Manuscripts, field books, images, and documents are not the only resources for historical information. Researchers, scholars, and journalists also are making use of website and social media archives. There are now more than twenty years of website archives in a variety of collections including the Smithsonian Institution Archives, University of North Texas CyberCemetery, and Internet Archive.
Archived web collections can be used in a variety of ways: finding a site or article that is no longer on the Internet, finding a web page that has changed its design, extracting/downloading data for analysis, or detecting trends. Penn State recently awarded grant money for projects using Twitter data. Some research areas include fake news, disaster relief, and health issues.
The most well-known resource when it comes to web archives is the Wayback Machine from the Internet Archive. Launched in 2001, it now has more than 351 billion web pages archived and content dating back to 1996. Entering a URL such as https://www.si.edu will display thousands of dates for when it was crawled (also known as captured) by its software. The Wayback Machine also offers a feature for anyone to use in order to archive/capture a particular web page called Save Page Now. This will work as long as that page allows web crawlers and doesn’t have a password requirement.
There are a few ways you can find the websites the Smithsonian Institution Archives has in its collections.
- Through the Smithsonian Institution Archives website you can search the finding aids for “website records” from the collections search. There is a link at the bottom of the finding aid that goes to the capture through Archive-It, a service the Smithsonian Insitution Archives uses to crawl its web presence (Archive-It is owned by the Internet Archive).

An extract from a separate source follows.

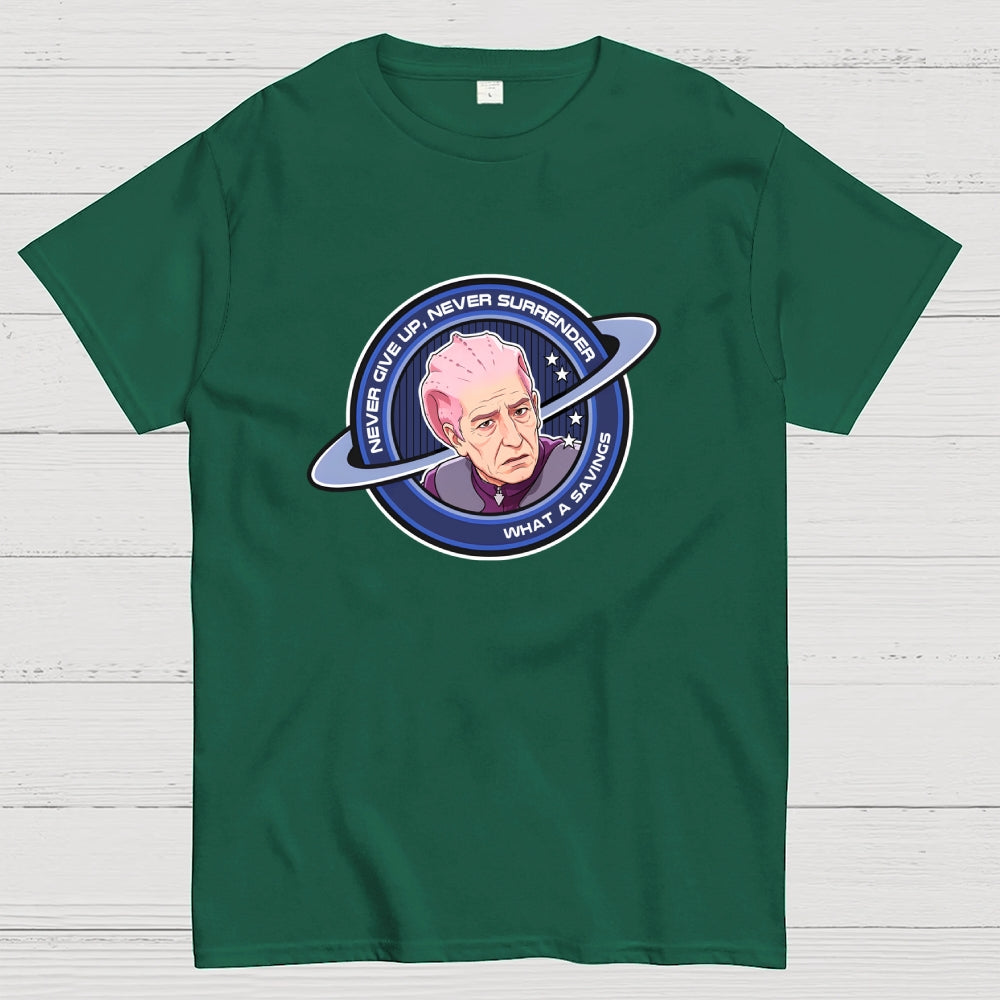 Never Give Up, Never Surrender... what a savings.Funny  T-Shirt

- You also can go to the Archive-It site and search for the Smithsonian in the Collections box. Here, you can navigate through the various websites including Birds of DC, Earth Optimism, and the Arts and Industries Building. It also has a search feature that queries text within pages or a URL itself. A search of artist “Doug Aitken,” for instance, has more than 2,000 hits across Smithsonian crawls. Archive-It has also archived web collections of various schools, universities, archives, libraries, and government agencies in the United States and sixteen countries.
- And then there is the WaybackMachine from the Internet Archive itself to search for Smithsonian content. It’s helpful to have the URL but a keyword can work in some instances as well. Linkages between pages are not always available when you use the Wayback Machine.

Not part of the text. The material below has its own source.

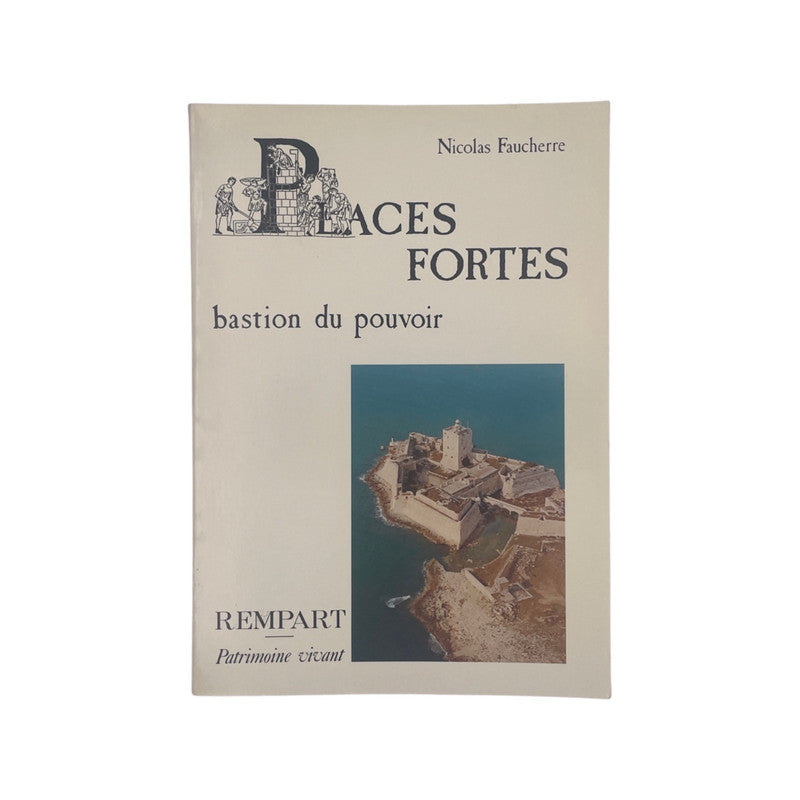 Places Fortes Bastion Du Pouvoir Faucherre Nicolas Soft cover Book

Any web collections older than 2012 from the Smithsonian are not online, but access can be provided by contacting the Archives’ reference staff. One thing to keep in mind is the fluid nature of the web. A web crawl is a snapshot in time. It’s possible not everything was captured nor can play back like it did on the live site.
As a side note, I had a tour of the Internet Archive in San Francisco in February while attending a conference on art libraries and web archives collections. Besides archiving the web, the Internet Archive is a free digital library with other projects that function to scan books and texts, digitize 78 rpm records, and share software, video, and audio collections.